TV History: The Dawn of Rural and Small Market TV (1947–55)

It's 1948. After the war, it seemed like everyone was impatient for television to reach them, but incredible as it seems now, radio station owners had a hard time deciding whether or not going into television was worth the financial risk. There were two competing, less expensive prewar experiments ready to be big time postwar realities: FM and facsimile. FM got shafted almost immediately, when the FM frequency bands were abruptly shifted upwards, making every existing prewar FM radio in the country useless. It would take until the mid-to-late Sixties before the superior quality of FM gave it most of the music audience, by then a rock audience. AM went from being "radio", period, to something you listened to in your car.

Facsimile was a more revolutionary technology, like television. And it was no mere theory: some of the country's largest newspapers prepared nightly fax editions, so every farmhouse could have a morning newspaper sitting and waiting for them at the breakfast table, with no intervening printing presses, unions, or delivery vehicles. Overnight radio audiences weren't big anyway, so using the time to transmit newsprint was a shrewd way to make some money off a new medium at low additional cost. The faxes included clippable coupons for deals with advertisers. In those days, though, dense networks of steam locomotives, interurban freight, and delivery boys on bicycles did an adequate job of carrying newspapers to all but the most remote corners of the country. It's fascinating to note, though, that mass faxing by radio almost made it.

Facsimile technology - 1948 wartime

 

After the War, a decision by the Federal Communications Commission “froze” TV licenses and building permits while the FCC was able to establish by practical test just how many miles had to separate stations broadcasting on the same channel. This meant incumbent stations that opened in the interim with pre-'49 permits enjoyed virtual, and sometimes actual monopolies in their local TV markets. As any capitalist worth his or her salt knows, a monopoly means you charge more—a lot more. In cities like Detroit, Houston and Fort Worth, having the first station to achieve dominance generally meant keeping it well into the later Fifties, when real competition was entering the scene almost everywhere.

Suppose you're not Houston. You're not Pittsburgh. You're not even Salt Lake City or El Paso in terms of population, and therefore, advertising revenue. Let's look at the market realities of being present at the creation of a new medium, 65–70 years ago, of American TV as the country gradually extended TV inland from the coasts.

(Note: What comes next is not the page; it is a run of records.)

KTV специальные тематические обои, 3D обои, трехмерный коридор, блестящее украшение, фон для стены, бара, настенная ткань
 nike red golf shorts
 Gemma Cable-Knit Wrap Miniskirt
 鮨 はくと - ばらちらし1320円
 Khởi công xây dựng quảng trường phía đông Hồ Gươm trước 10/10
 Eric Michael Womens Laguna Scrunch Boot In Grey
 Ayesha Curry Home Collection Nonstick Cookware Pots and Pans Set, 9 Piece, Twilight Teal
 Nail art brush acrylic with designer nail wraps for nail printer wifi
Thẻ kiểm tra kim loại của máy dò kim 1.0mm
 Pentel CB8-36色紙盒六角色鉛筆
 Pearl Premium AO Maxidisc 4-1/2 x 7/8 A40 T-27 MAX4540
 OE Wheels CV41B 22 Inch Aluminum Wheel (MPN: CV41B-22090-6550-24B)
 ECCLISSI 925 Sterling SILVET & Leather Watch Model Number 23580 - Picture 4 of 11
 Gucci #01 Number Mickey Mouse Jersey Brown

Let's say you're Longview, TX, or Casper, WY, or Binghamton, NY. Because of distance, or local topography, you're a little outside of the clear signal of any yet-established bigger city station, so you've got a shot at dominating a regional advertising market. How do we know what the clear signal area is? Well paid engineering consultants determine by experiment, because it's a function of the power of the transmitter, the height of the antenna above sea level, and strangely enough, mysterious factors of ground conductivity. That gives you your map for advertisers. The dollar size of that market, not the innate interest of the locals in television, determined where stations would be built and where they would survive. By then, radio advertising had long divided the country into sales zones, each with a known economic level and population. There was only so much advertising that could be sold to such a market, TV, radio, and newspapers. That's a major reason why stations that survived the early days were often owned by radio stations and newspapers.

So, you've listened to RCA's General David Sarnoff, made your bet on video, and you're ready to take the financial plunge. Bravo! But be ready for the bottom line facts: TV stations cost about ten times as much as radio stations, cost ten times as much to keep operating, and in the Forties still only generate about five to seven times the advertising revenue of radio. In other words, an early TV license is a license to slowly lose money. But if you did it carefully enough, you and your station survived into a time when those ad revenues would double, triple, and then leap into the clouds—twenty, thirty times what seemed possible back in Harry Truman's day.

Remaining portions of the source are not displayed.